__EXERCISE DIRECTIONS__. Each line from the one containing "2026 Kia Sportage Hybrid LX" to the end of the data must be copied exactly, the first and last included; no other lines and no pictures belong in the copy.

__DATA IN THIS EXERCISE__.
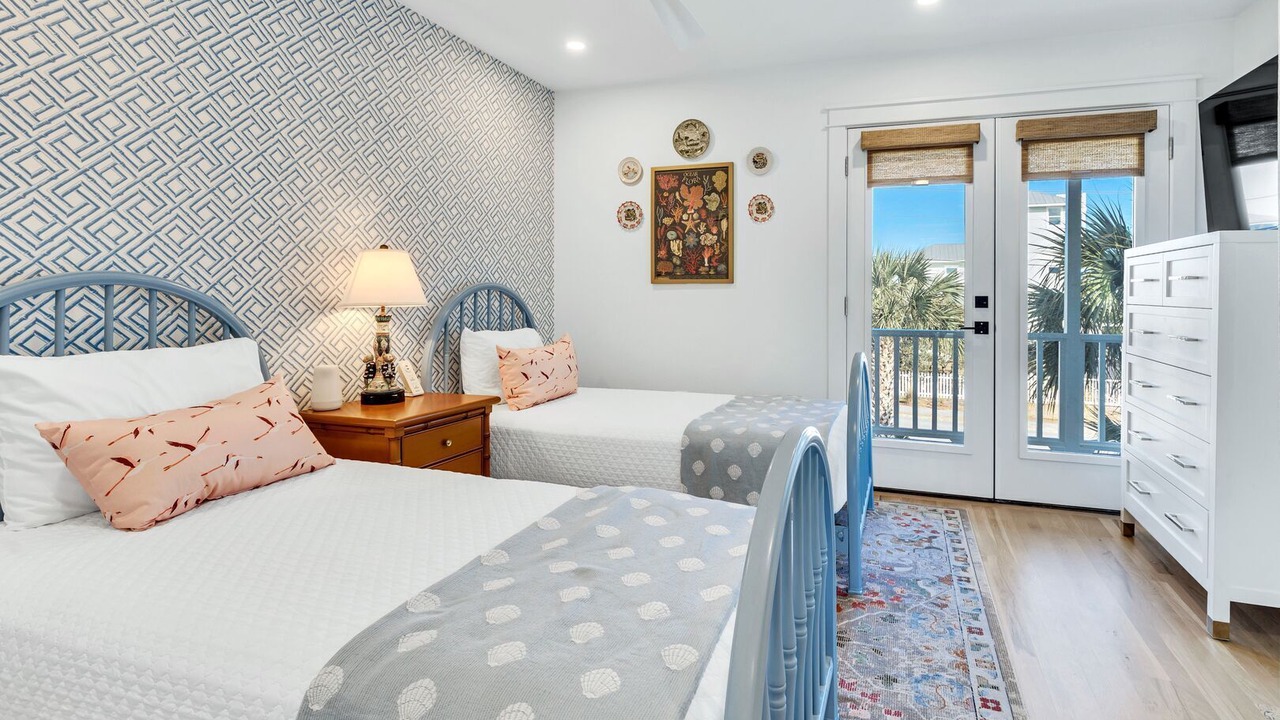 Photo of Bedroom in Gulf Place
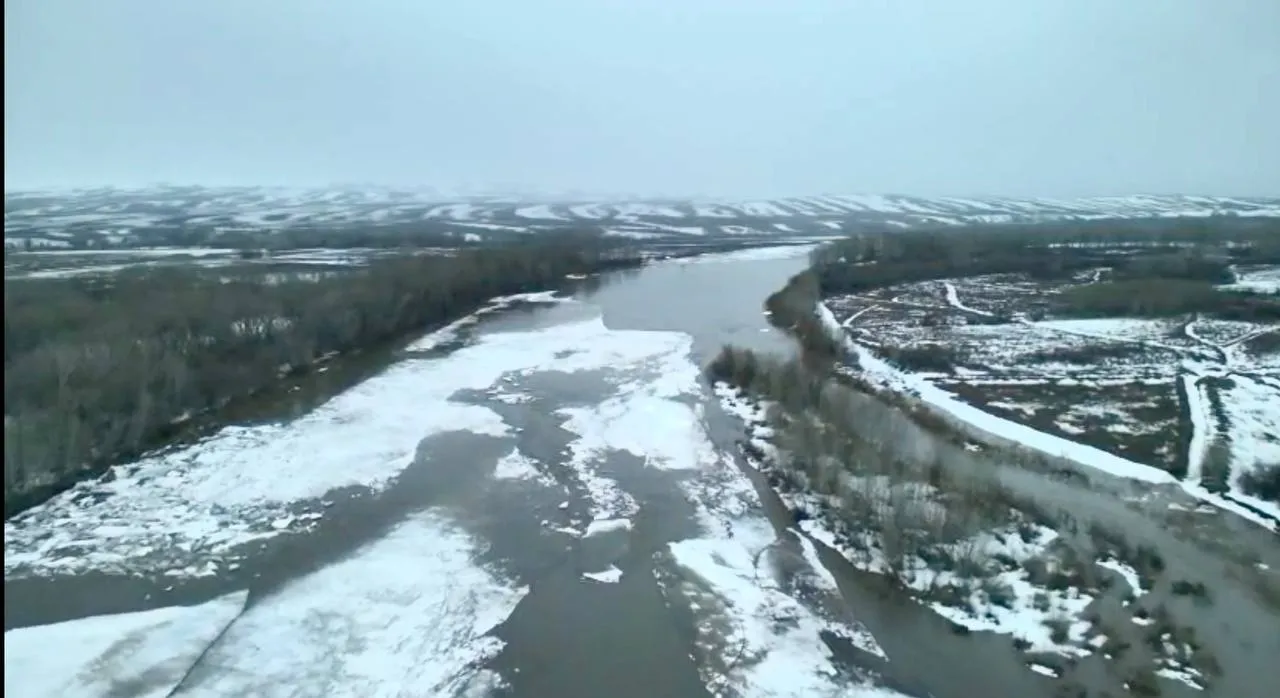 Уба өзеніндегі жағдай тұрақты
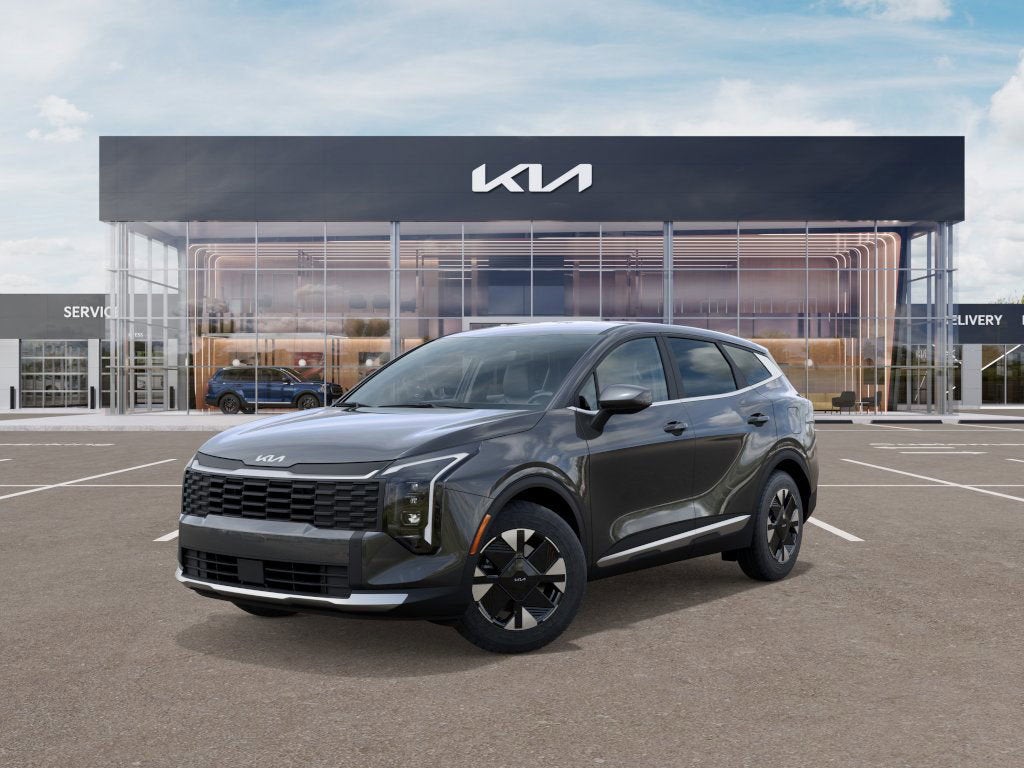 2026 Kia Sportage Hybrid LX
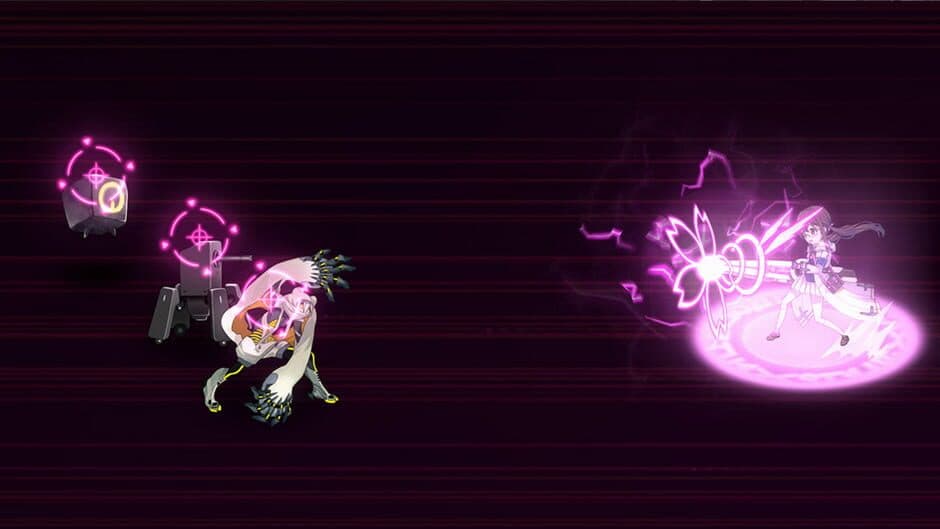 Infinity Souls screenshot 5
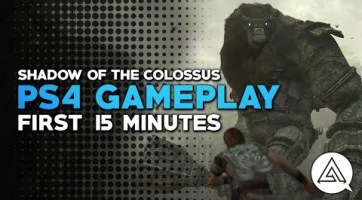 Nézd meg a Shadow of the Colossus remake első 15 percét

__SOLUTION BELOW__.
 2026 Kia Sportage Hybrid LX
 Infinity Souls screenshot 5
 Nézd meg a Shadow of the Colossus remake első 15 percét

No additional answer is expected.